Now, there are some disadvantages to this approach; sometimes, the earlier stages of compilation can benefit from knowing a thing or two about the final architecture. In general, it's easier to optimise when you're going straight from a high level language to assembly language, with every step along the way customised for the source language and host architecture.

However, this is a matter of choosing your intermediate language carefully, so that it's at the best intermediate point between being too tied to a particular model of high level language and being too tied to a particular model of assembly language, so that the most variety of each can be efficiently accommodated.

And there can be get-outs - if one includes some level of macro system in the intermediate language, then the front-end compiler can, in cases where it would like to know something about the target platform, produce code for several different options (usually there's only two or three choices), wrapped in appropriate conditionals so that only the appropriate one is finally used.

One thing that really helps is making the intermediate language be more like a script that is run to generate assembly language with a library of generic code generation primitives (plus optional ones that not all platforms can or will implement, etc).

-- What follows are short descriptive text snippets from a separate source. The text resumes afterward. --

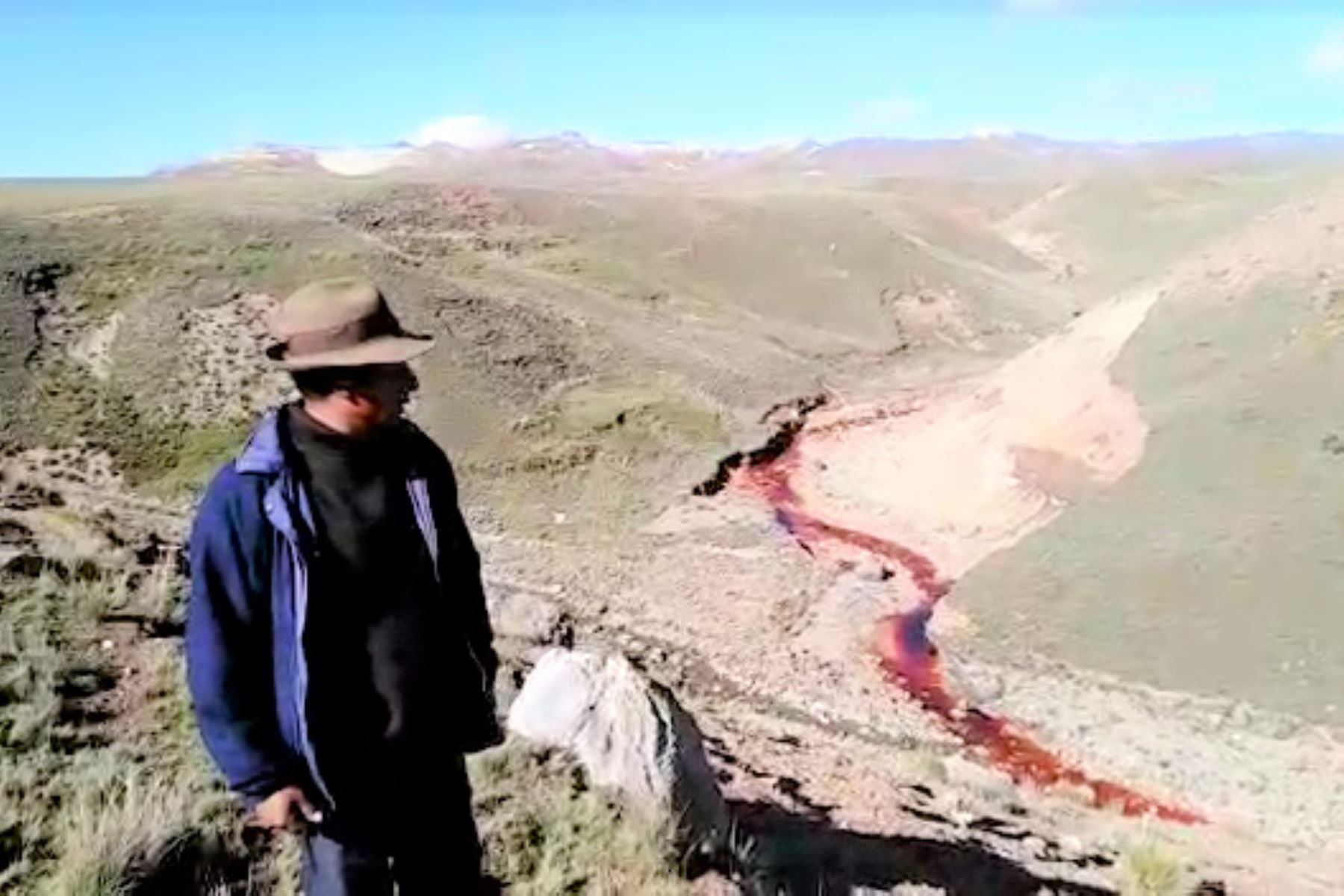 La zona de Canipaco, en Huancayo, se encuentra en emergencia ambiental por vertimiento de aguas ácidas aparentemente causada por la actividad minera.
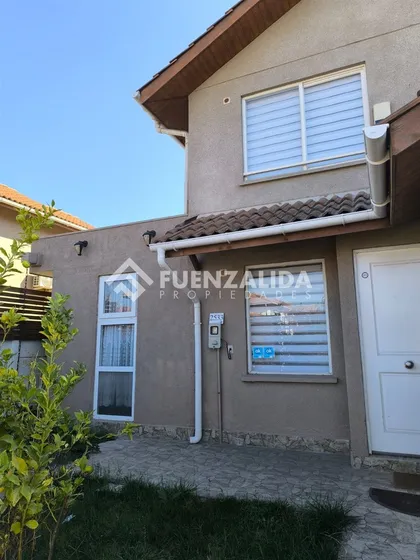 Casa En Arriendo De 3 Dorm. En Padre Hurtado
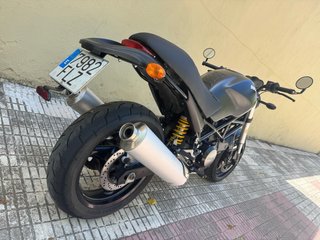 Ducati Monster 695 Dark Negra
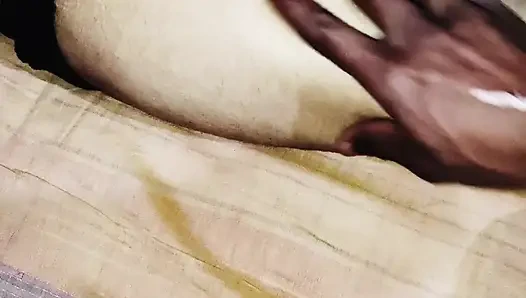 Suman Bhabhi ko nangi karke Gankia Gank-Massage.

Then the front end can emit scripts that make complex decisions at final code generation time. FORTH is like this, and the model can be abstracted away from the stack nature of FORTH and used for other systems (although I've not seen this done yet).

Now, when designing an intermediate language, you tend to need to define an abstract model of the processor, which different physical processors can be instances of. For example, FORTH considers the CPU as a pair of stacks, an instruction pointer register, and a mechanism that executes a few basic types of instructions (literal pushes, calls to user-defined words, calls to native core words, conditional jumps, etc) in sequence. The JVM is something similar. The Parrot virtual machine, the Tao Virtual Processor, and GCC's RTL all consider the processor to be a bunch of registers (either a fixed number, or an arbitrary pool), along with instructions that take their arguments from nominated registers and put the results into nominated registers.

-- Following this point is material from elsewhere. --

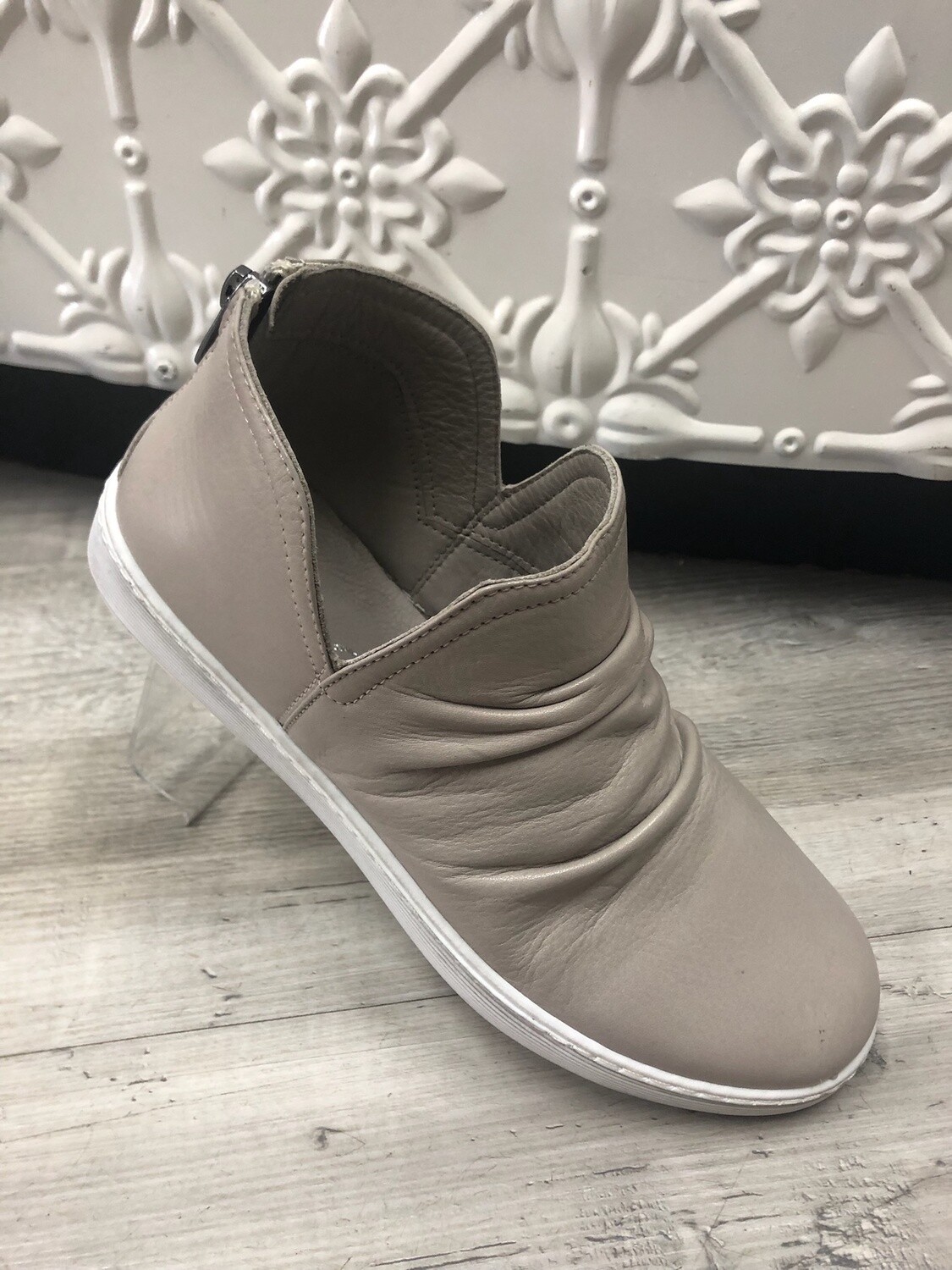 Diana, Size: 37, Colour: Taupe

Either way, the implementation in terms of a specific CPU faces two main challenges.

It has to map the intermediate language's storage model (stack or registers) to the actual registers of the real CPU. There are three basic approaches to this:
1. for a stack-based intermediate language, you can have a static register allocation, including setting aside one or more registers as caching the top of the stack, then have the stack in RAM. The other registers can be stack pointers and other important global values, workspace area for intermediate results, etc. However if there's a lot of physical registers available, this often doesn't make the best use of them; you get far more memory traffic to that stack than you really need.
2. For a register-based language, you can again have a static allocation. If your CPU has more registers than your intermediate language, then it's trivial. If it has less, then you put some into real registers and some into a thread-local region of overspill memory. If the intermediate language's CPU model doesn't specify that some registers may be faster than others then this is a bit lame, but it's possible to define your register model such that (for example) the higher the number of a register the more likely it is to be in RAM rather than on-chip so the less expectation the front-end can have of that register being "fast", making it the front-end's responsiblity to try and use the lowest-numbered registers it can.
3. For both kinds of intermediate language, you can just analyse the code to extract a data/control flow graph, and then use standard register allocation algorithms to implement it. In which case, whether it's a stack or a register-based system becomes fairly immaterial, except that systems using a stack or an unbounded register file will more easily produce more optimal code; an intermediate language that specifies that there are a fixed number of general purpose registers would force a front-end compiling some code that has more than that number of intermediate values to generate extra code to spill some data into memory to make room in the registers. If then implemented on a physical CPU with more registers, it would take more analysis on the part of the final compiler to detect this and use actual physical registers instead. And on a CPU with less registers, there may be the embarrassing case of the explicit load/saves then being implemented as moves from the register spill memory location chosen by the front-end compiler and the register spill memory location chosen for the virtual register by the back-end compiler, again unless the back-end compiler goes to extra lengths to identify and undo this.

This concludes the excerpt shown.